*** DATA SHOWN Section Begins ***

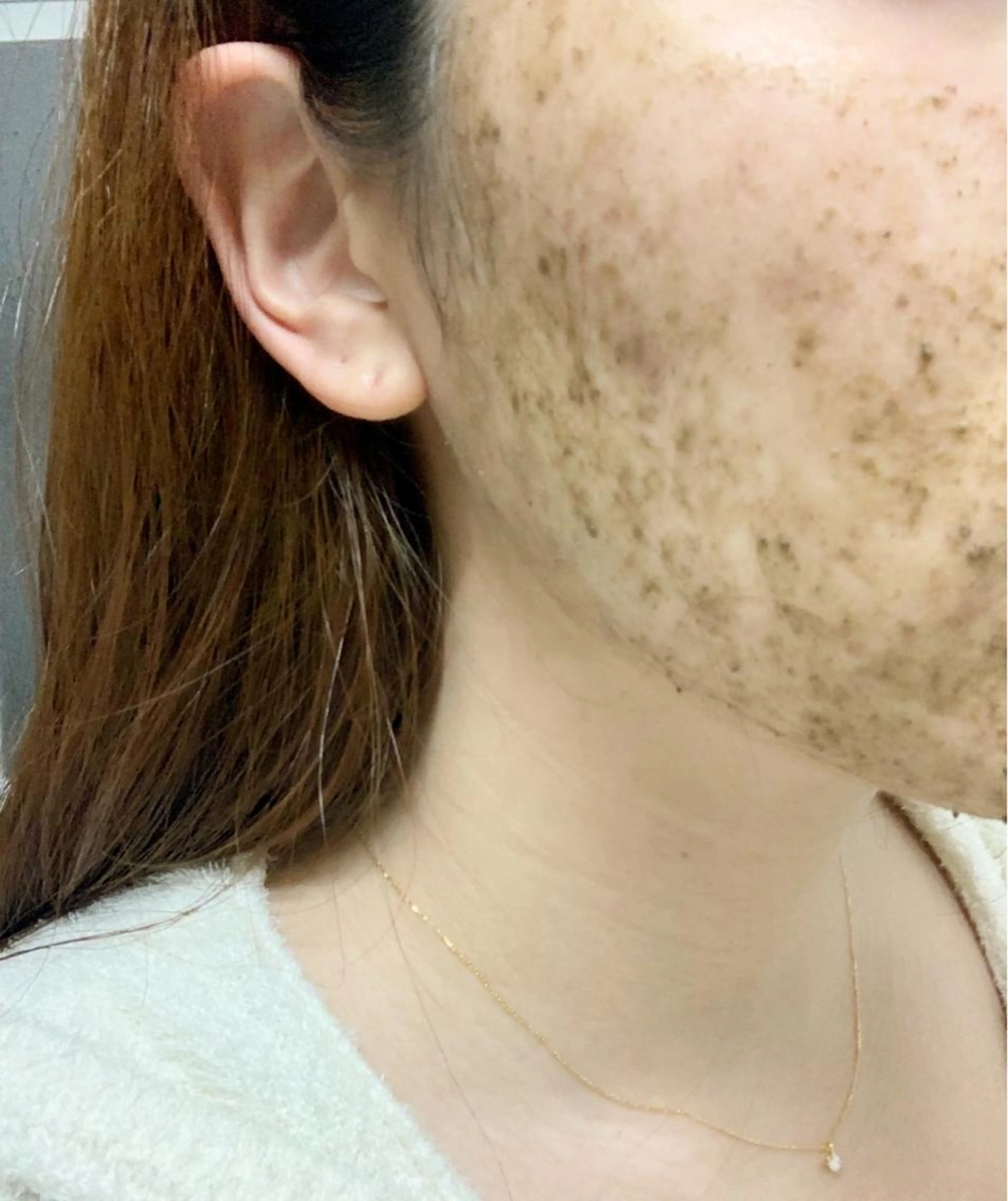 大人気！肌質改善✨ニキビケア‎🤍お肌のざらつき‎🤍つるつるお肌へ‎🤍天然ハーブピーリング￥7800🌿‬の写真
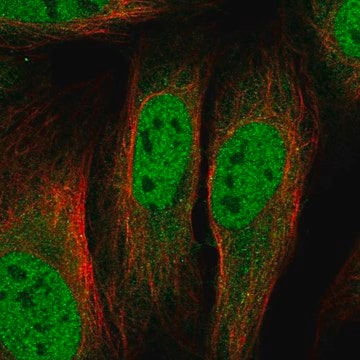 Anti-Kat5 Antibody Produced In Rabbit Prestige Antibodies&#174; Powered by Atlas Antibodies, affinity isolated antibody, buffered aqueous glycerol solution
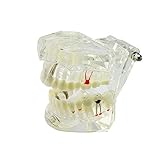 Zorvo Dental Implant Disease Teeth Model with Restoration & Bridge Tooth Transparent Dental Implant 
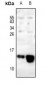 Anti-COX6C Antibody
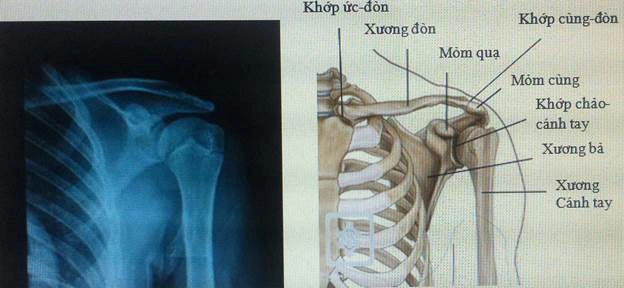 Hình Ảnh Giải Phẫu Khớp Vai: Cấu Trúc Chi Tiết, Bệnh Lý Thường Gặp Và Ứng Dụng Lâm Sàng Cho Sinh Viên Y & Bác Sĩ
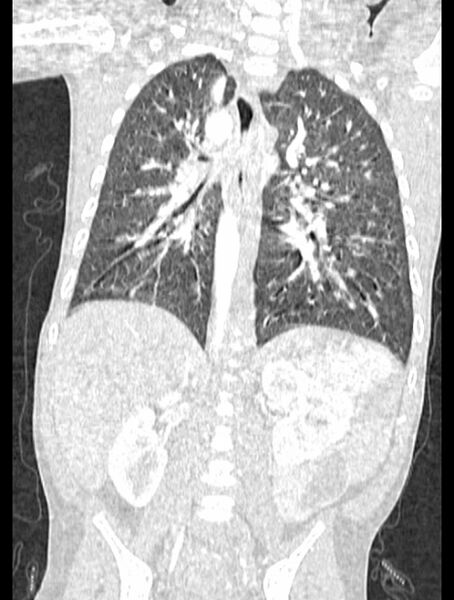 File:Asplenia syndrome (Radiopaedia 73083-83792 Coronal lung window 91).jpg
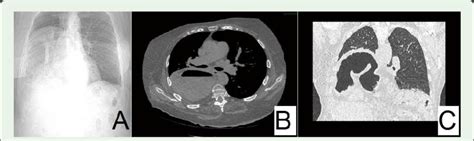 A Ct Topogram Shows Herniation Of The Liver And Large Bowel Loops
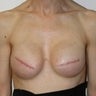 48 year old female patient 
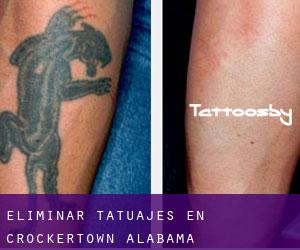 Eliminar tatuajes en Crockertown (Alabama)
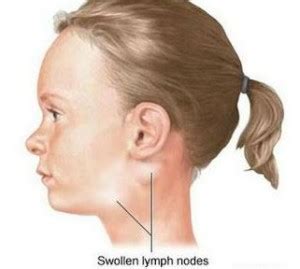 swollen glands  neck symptoms  treatment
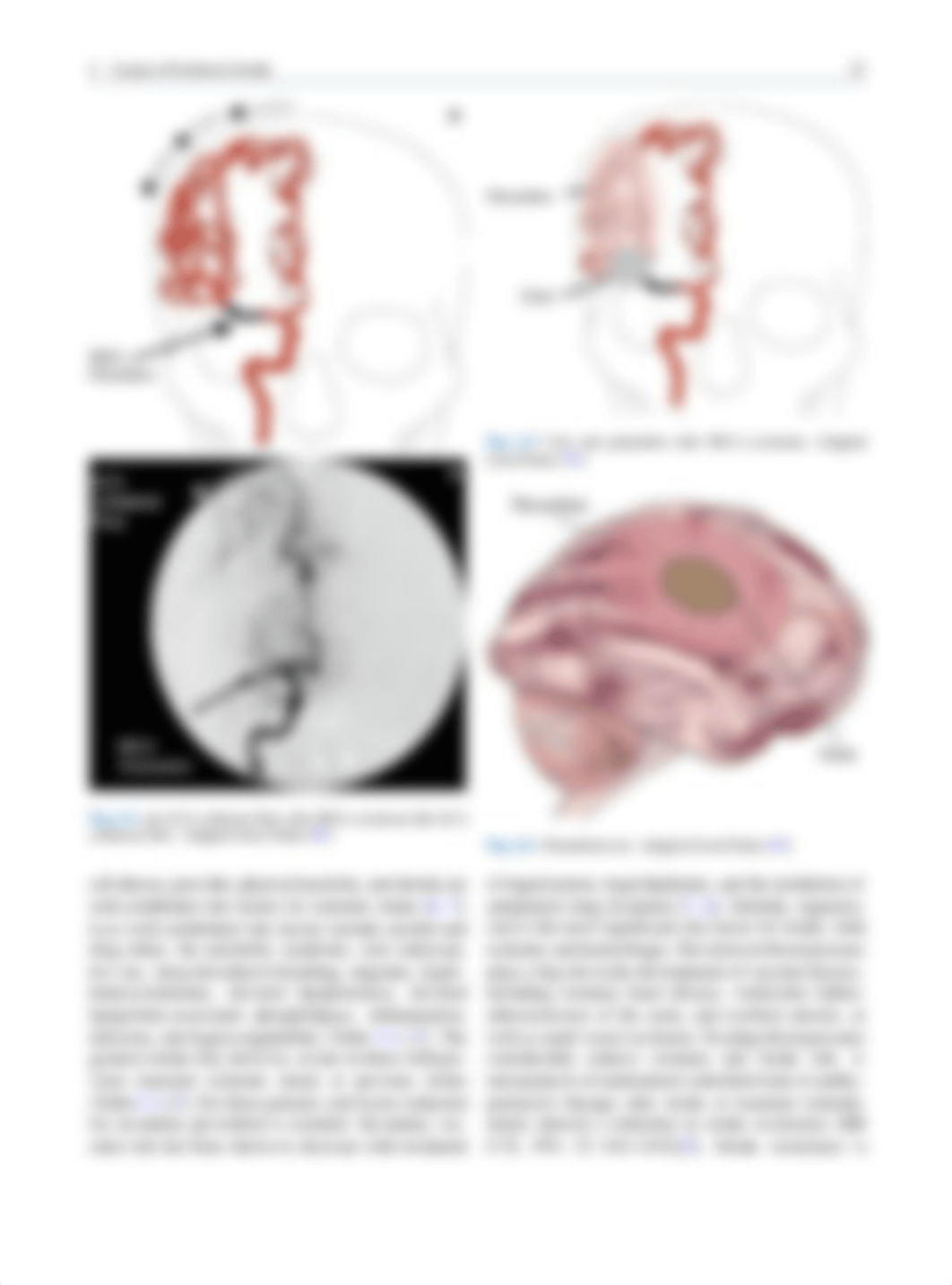 Causes_of_Ischemic_Stroke.pdf_dr36w8adwvf_page4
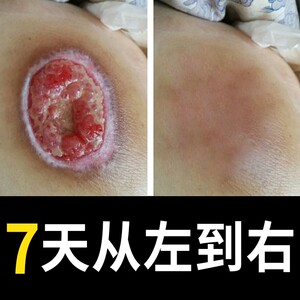 拔毒膏疮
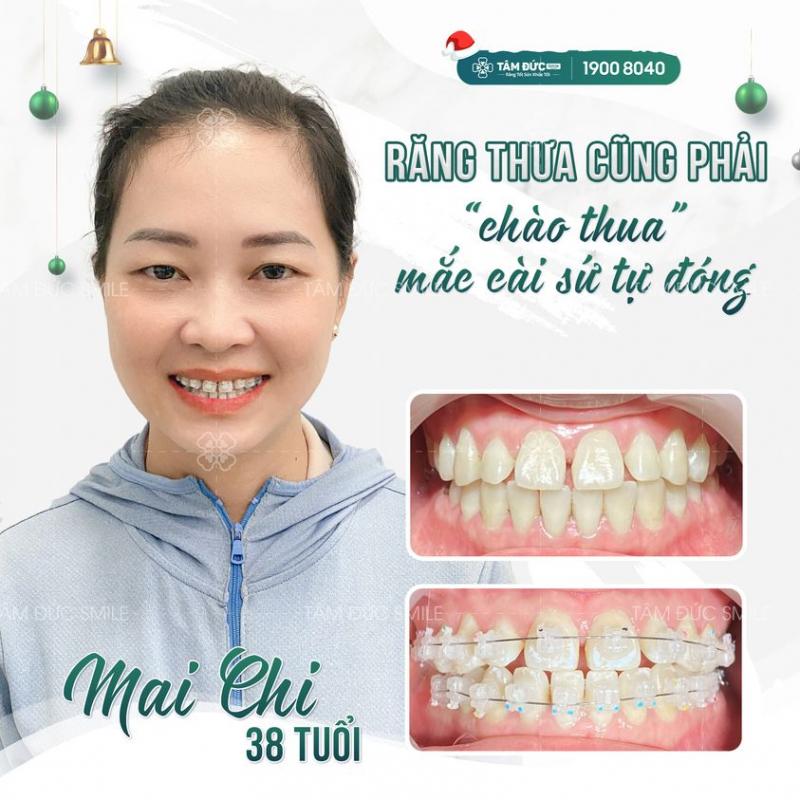 Nha Khoa Tâm Đức Smile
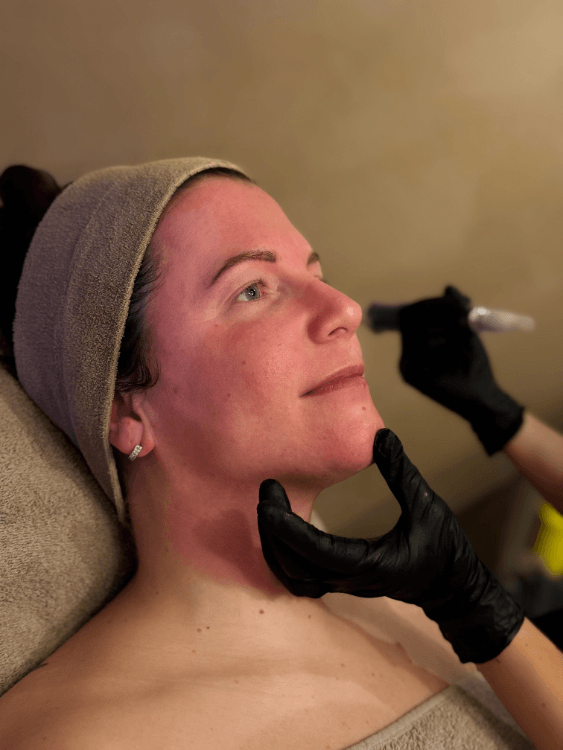 Huidcoach voert SkinPen microneedling uit op de wang van een cliënte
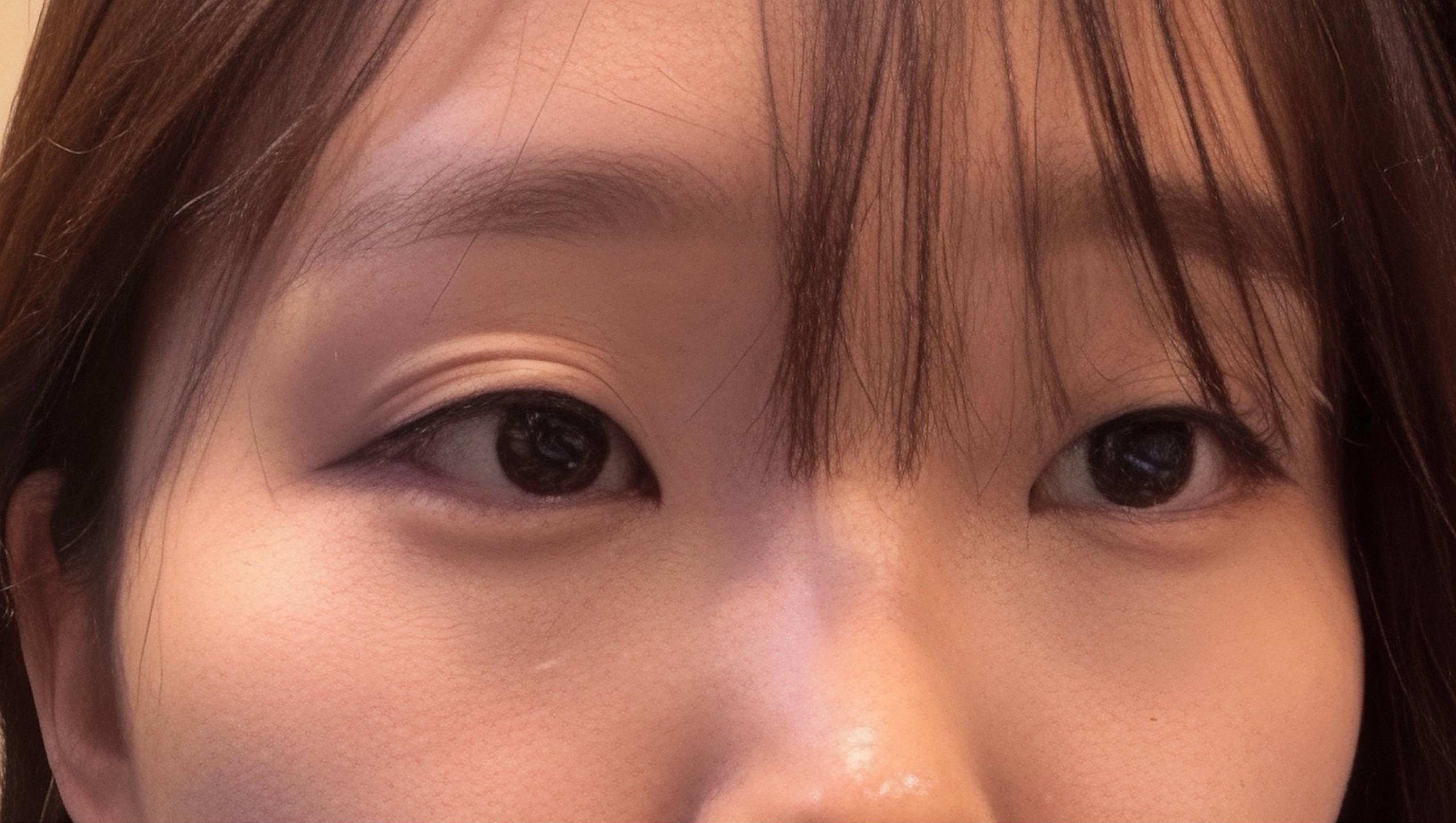 後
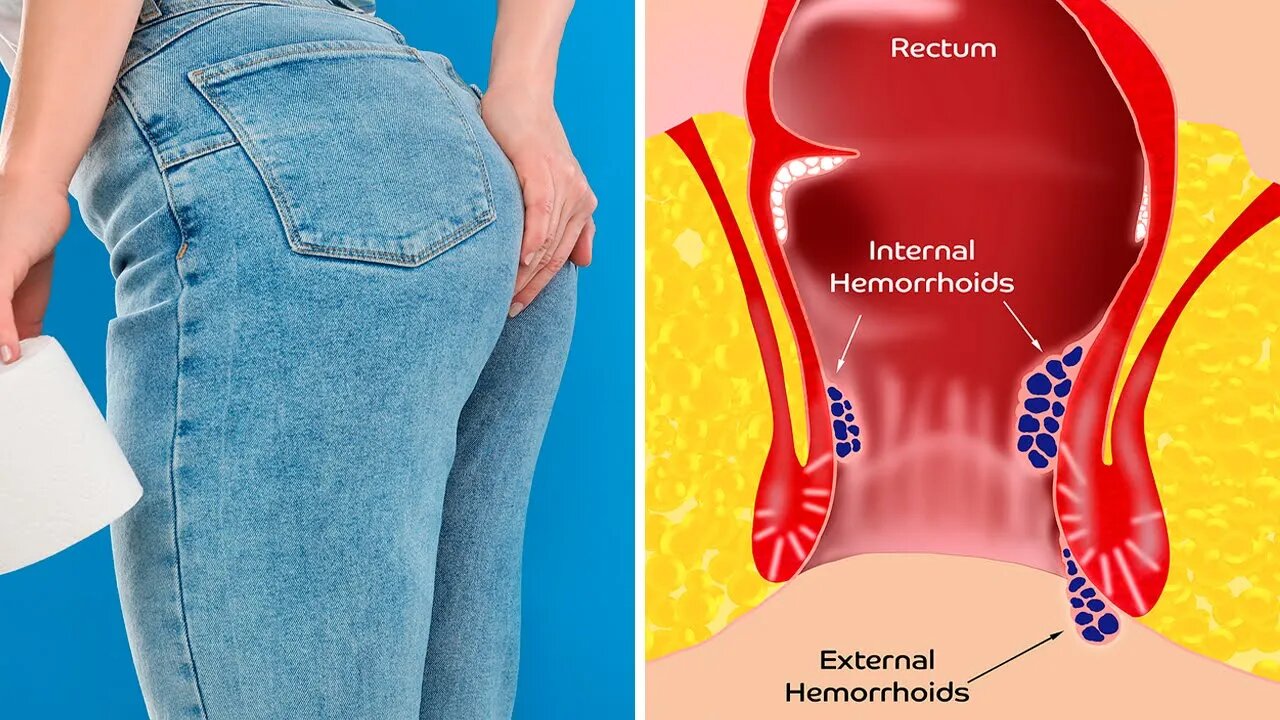 What Happens To Your Body When You Don’t Poop Every Day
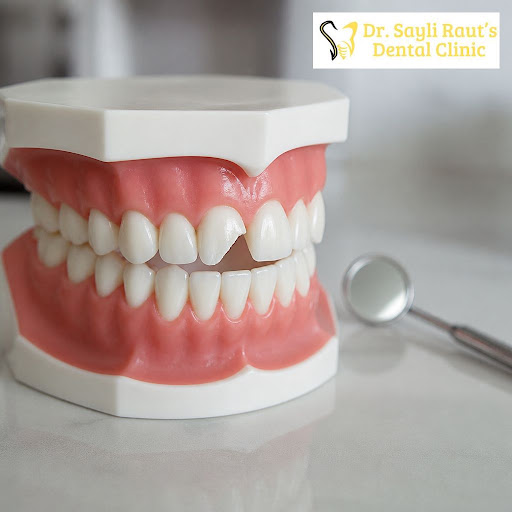 A cracked, chipped, or broken tooth might look minor at first, but delaying treatment can quickly…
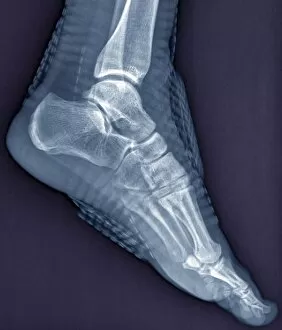 Images Dated 8th September 2018: Healthy ankle joint, X-ray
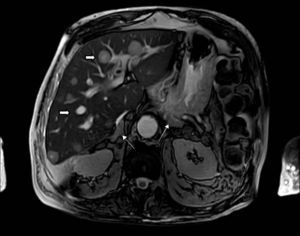 Síndrome de Cushing ectópico por carcinoma neuroendocrino pancreático. Resonancia abdominal de un paciente con carcinoma neuroendocrino (Ki67 40%) de origen pancreático con metástasis hepáticas (flecha gruesa) y síndrome de Cushing con hiperplasia suprarrenal bilateral (flecha delgada).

*** DATA SHOWN Section Ends ***

# [TASK TO CARRY OUT]
All records must be output exactly as they are, except for the pictures, which are left out.

# [OUTPUT FOR THIS TASK]
 大人気！肌質改善✨ニキビケア‎🤍お肌のざらつき‎🤍つるつるお肌へ‎🤍天然ハーブピーリング￥7800🌿‬の写真
 Anti-Kat5 Antibody Produced In Rabbit Prestige Antibodies&#174; Powered by Atlas Antibodies, affinity isolated antibody, buffered aqueous glycerol solution
 Zorvo Dental Implant Disease Teeth Model with Restoration & Bridge Tooth Transparent Dental Implant 
 Anti-COX6C Antibody
 Hình Ảnh Giải Phẫu Khớp Vai: Cấu Trúc Chi Tiết, Bệnh Lý Thường Gặp Và Ứng Dụng Lâm Sàng Cho Sinh Viên Y & Bác Sĩ
 File:Asplenia syndrome (Radiopaedia 73083-83792 Coronal lung window 91).jpg
 A Ct Topogram Shows Herniation Of The Liver And Large Bowel Loops
 48 year old female patient 
 Eliminar tatuajes en Crockertown (Alabama)
 swollen glands  neck symptoms  treatment
 Causes_of_Ischemic_Stroke.pdf_dr36w8adwvf_page4
 拔毒膏疮
 Nha Khoa Tâm Đức Smile
 Huidcoach voert SkinPen microneedling uit op de wang van een cliënte
 後
 What Happens To Your Body When You Don’t Poop Every Day
 A cracked, chipped, or broken tooth might look minor at first, but delaying treatment can quickly…
 Images Dated 8th September 2018: Healthy ankle joint, X-ray
 Síndrome de Cushing ectópico por carcinoma neuroendocrino pancreático. Resonancia abdominal de un paciente con carcinoma neuroendocrino (Ki67 40%) de origen pancreático con metástasis hepáticas (flecha gruesa) y síndrome de Cushing con hiperplasia suprarrenal bilateral (flecha delgada).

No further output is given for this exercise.